The Culture of Cowboys & Indians

Americana, Featured Article, On the Road, Travel Destinations
on July 24, 2013
Courtesy of National Cowboy & Western Heritage Museum The original Matador Ranch chuckwagon is among the exhibits at the Cowboy and Western Heritage Museum in Oklahoma City.

From 1870s cattle-drive journals to Frederic Remington’s 1907 painting “In From the Night Herd,” the National Cowboy & Western Heritage Museum in Oklahoma City preserves the history and culture of the American West.
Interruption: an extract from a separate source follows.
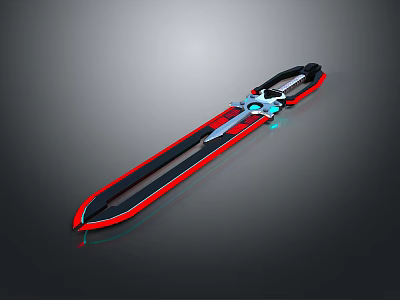 Modern Fantasy Sword With Black Red Accents And Blue Glowing Decorative Elements 3d model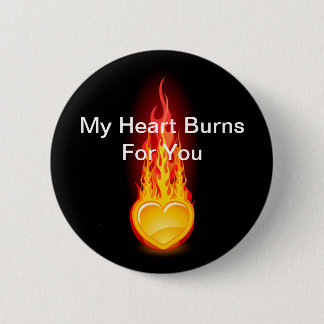 Burning Heart 6 Cm Round Badge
Founded in 1955, the museum has corralled more than 28,000 Western artworks and artifacts, including collections of American Indian attire, barbed wire, horse saddles, early rodeo photographs and rare firearms, such as an 1830s Colt Paterson muzzle-loading percussion revolver and an 1850s Volcanic pistol. Three halls of fame—Rodeo, Great Westerners and Great Western Performers—honor individuals who’ve made notable contributions to the Western experience.

The museum’s Native American Gallery showcases nearly 200 artifacts, including a pair of 1880s Delaware moccasins with a maple leaf beadwork design; an 1890s Teton Dakota animal hide picture calendar, known as a winter count; and a 1920s Sioux tobacco bag adorned with a beaded horse.

Cowboy life is depicted in the American Cowboy Gallery’s bunkhouse replica, chuck wagon scenes, and on a 900-square-foot granite floor map etched with historic cattle trails and legendary ranches.

Hollywood cowboys star in the museum’s Western Performers Gallery, which features actor Tom Mix’s saddle, John Wayne’s modified Model 1892 Winchester rifle carried in several movies, a black Western outfit worn by Barbara Stanwyck in TV’s “The Big Valley,” and Roy Rogers’ white Stetson hat and kangaroo boots.

Visitors also can stroll through Prosperity Junction, a re-created early-1900s Western prairie town with 15 full-size buildings, including a livery stable, blacksmith shop, train depot, newspaper office, bank and U.S. Marshal’s office.

Best known for its top-notch Western art collection, the museum exhibits paintings such as Carl Wimar’s 1860 “Buffalo Hunt,” Albert Bierstadt’s 1867 “Emigrants Crossing the Plains” and Charles M. Russell’s 1921 “When Mules Wear Diamonds.”

The museum’s iconic centerpiece can’t be missed in the entrance hall. Standing 18 feet tall is James Earle Fraser’s original plaster statue of an American Indian on horseback, “The End of the Trail,” created for the 1915 Panama-Pacific International Exposition.